Caroline Gorham was working from home during a severe weather day in January and couldn’t connect to the university’s Virtual Private Network to access her files.
A staff assistant at the Nicholas Institute for Environmental Policy Solutions, Gorham used the “live chat” function through the Office of Information Technology’s website to get help.
“If I don’t have access to work files or email, I can’t provide the support that my colleagues are expecting,” Gorham said.
In the OIT offices at American Tobacco Campus in downtown Durham that day, service desk staff Sam Naim helped Gorham connect to her files. IT analysts like Naim field thousands of requests by phone, chat, email, and online each month. Last year alone, the OIT service desk fielded nearly 83,000 requests from university employees.

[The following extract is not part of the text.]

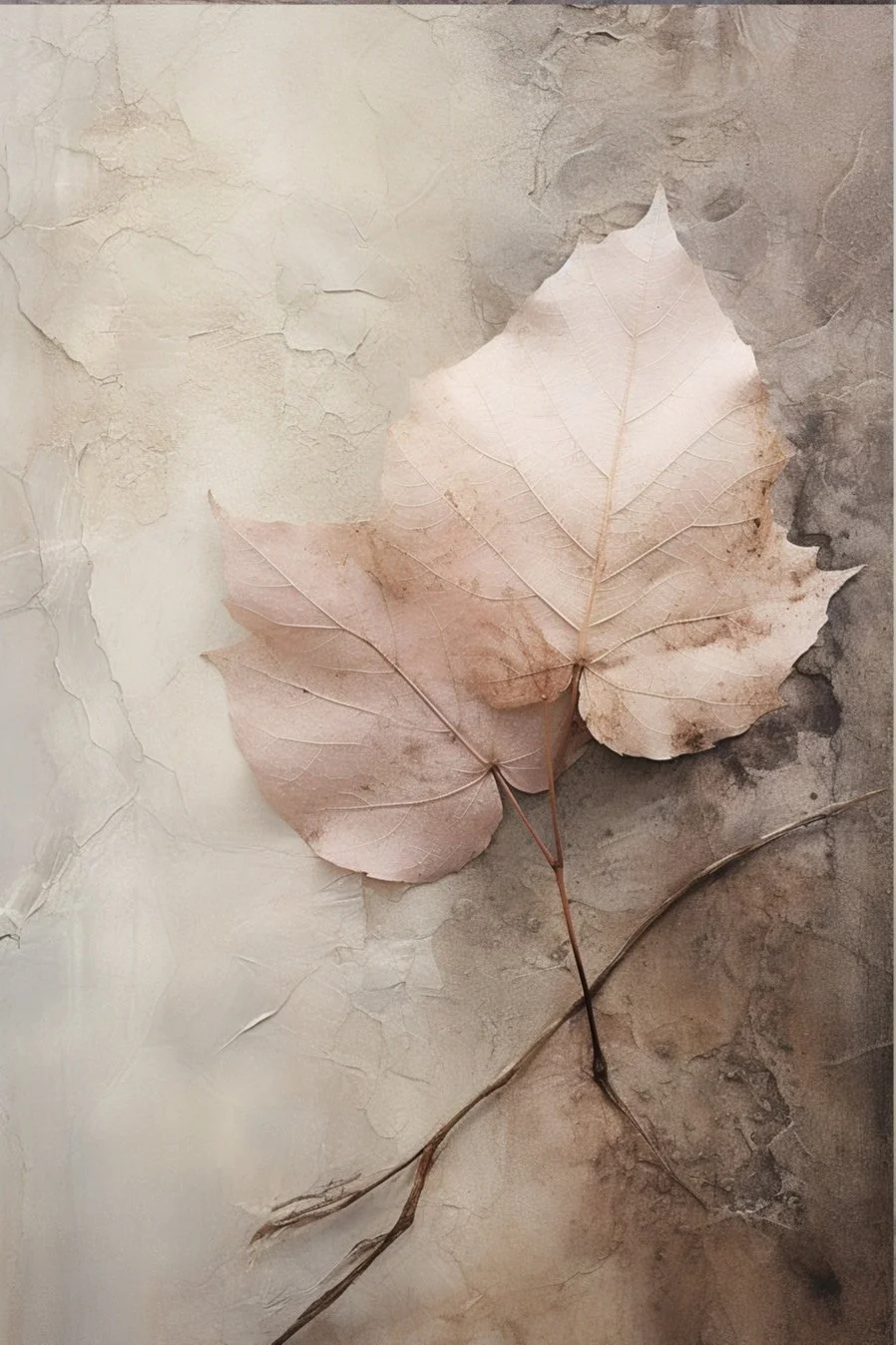 enriqueagote_a_PHOTO_in_the_style_of_a_painting_with_a_leaf_in__e3d00a6e-94dd-4f0c-840d-5302a7bebb80-03 - copia - copia.jpg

“It’s a bit of organized chaos on busy days,” Naim said. “That snow day was busy with constant chats and calls covering a lot of different technology. It’s great to help people resolve those issues quickly.”
From fielding service requests to protecting email accounts from viruses, maintaining Duke’s technology infrastructure is a 24-hour job.
How We Contact OIT for Help
In 2016, the Office of Information Technology (OIT), which manages Duke’s central technology infrastructure, fielded 82,920 service requests from university users. Most requests came by phone, one of the fastest ways to get help – on average 33 seconds versus an average of three hours when a request is submitted by email. One other quick way to get help is by “live chat.” The chart does not include requests to Duke Health Technology Solutions (DHTS), which fielded 159,047 service requests in 2016.
How Many Emails Get Blocked, Delivered
For every email you receive at the University or Health System, there are at least two spam emails that didn’t get through to your inbox. Every month, Duke’s central email system (University and Health System) receives millions of emails from external sources, but the majority are spam, malware, and viruses. Without a sophisticated screening system, Duke inboxes would be flooded with potentially harmful junk mail. The graphics above represent figures for 2016.